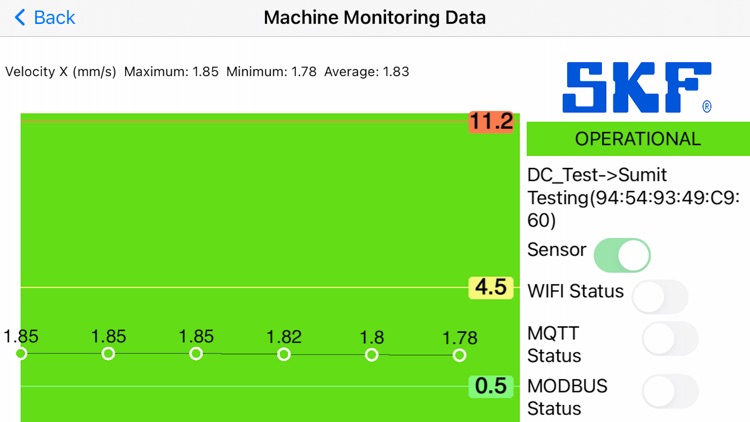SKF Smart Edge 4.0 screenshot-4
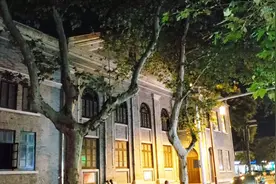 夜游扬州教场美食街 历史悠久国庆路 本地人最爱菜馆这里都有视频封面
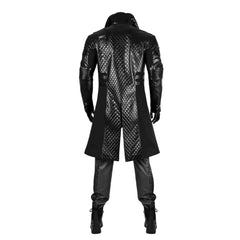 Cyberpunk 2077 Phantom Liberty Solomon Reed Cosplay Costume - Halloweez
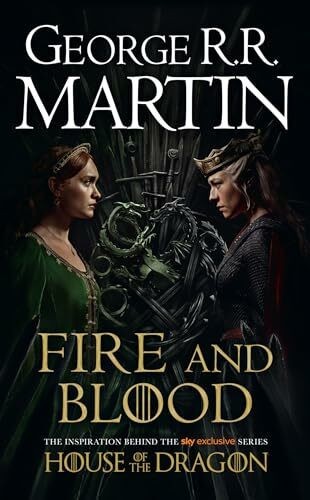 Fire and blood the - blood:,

++++++++++

● About this exercise
Leave out every picture, and copy exactly the lines from the line that contains "夜游扬州教场美食街 历史悠久国庆路 本地人最爱菜馆这里都有视频封面" through the end of the material.

● Solution
 夜游扬州教场美食街 历史悠久国庆路 本地人最爱菜馆这里都有视频封面
 Cyberpunk 2077 Phantom Liberty Solomon Reed Cosplay Costume - Halloweez
 Fire and blood the - blood:,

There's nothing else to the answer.